Section 285 of the Patent Act, as well as Rule 11 of the Federal Rules of Civil Procedure, give judges the authority they need to shift the cost burden of litigation abuse from the defendant to the troll. But remarkably, judges don’t do so very often: by our count , fees were shifted under Section 285 in only 20 out of nearly 3,000 patent cases filed in 2011.

And if you replace the word “patent” with copyright, you end up with  Righthaven and Prenda, where persistent and aggressive lawyering and judges willing to do their jobs have demonstrated that they have the power to correct and punish vexatious litigation if they choose to use it.

But this rarely happens, and judges do everything in their power to  seize upon excuses to avoid the “harsh” and dirty work of cleaning up our legal system. It’s not that the system comes anywhere near the glory we conveniently attribute to it when deciding what to chisel into the courthouse lintels, but it’s not nearly as bad in theory as it is in practice. As Chief Judge Radar points out, the difficulty lies in men and women in robes doing what they are authorized to do, even if that duty is unpleasant.

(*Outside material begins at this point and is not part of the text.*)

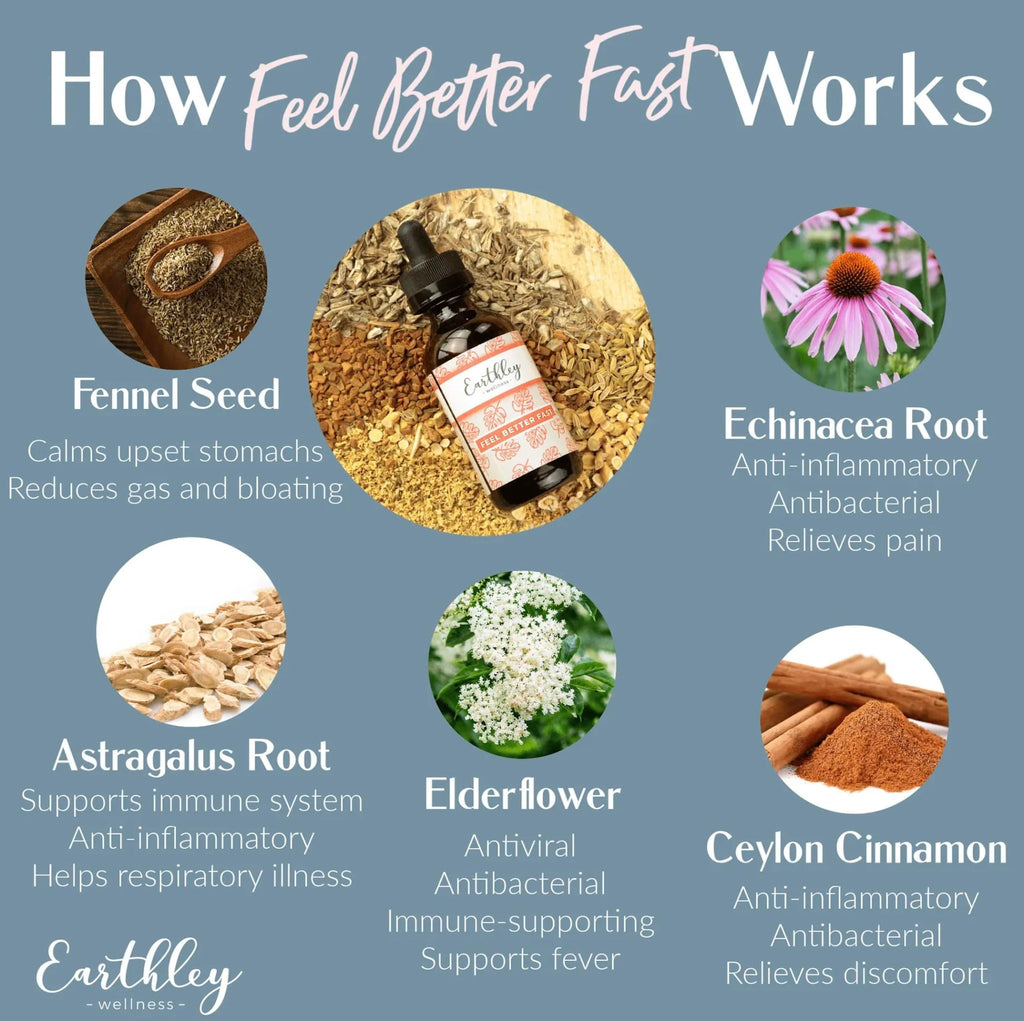 Earthley Wellness Feel Better Fast, All-Natural Relief for Minor Ailments, Organic Herbal Formula, Supports Immune & Digestive Health, Echinacea Root and More - FENGGESTORE20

As this suggests, the theme of judges taking the path of least resistance, the course that simultaneously requires the least amount of effort (as it’s hard work explaining why an action is frivolous and the recalcitrant party was vexatious sufficient to pass muster with an appellate court) and doesn’t directly outrage the loudest litigant in the courtroom, pervades the system. The carefully conceived incentives, the balance of power if you will, that’s meant to compel all sides to act in accordance with the rules that assure fairness, don’t work when the rules to prevent impropriety aren’t enforced.

So judges don’t want to harsh the mellow of patent trolls, and by doing so allow them to run rampant and trash businesses and individuals?  Is there a reason why they are so much less concerned about the people being harmed than the trolls extorting money?

And in criminal cases, when harsh warnings are given, in Justice Moyer’s words, “time and time again,” they amount to nothing more than empty admonitions. There is never a point when “time again” runs out, as there is an actual rule, harmless error, to protect prosecutorial impropriety from attack. 

If President Obama, or any other president, or senator or representative, wants to fix a problem, there is a huge one staring them in the face that’s ripe for fixing. As with patent trolls, copyright trolls and vexatious litigants, judges have the power to fix the problem. They just don’t have the will. 

And of all these problems in our legal system that do harm and provide incentives for scoundrels to abuse the system, the one which garners the least concern and has the least likelihood of ever being fixed is the one that puts people in prison and sometimes kills them.  Maybe if we added the word “troll” to the end of prosecutor, somebody would give a damn.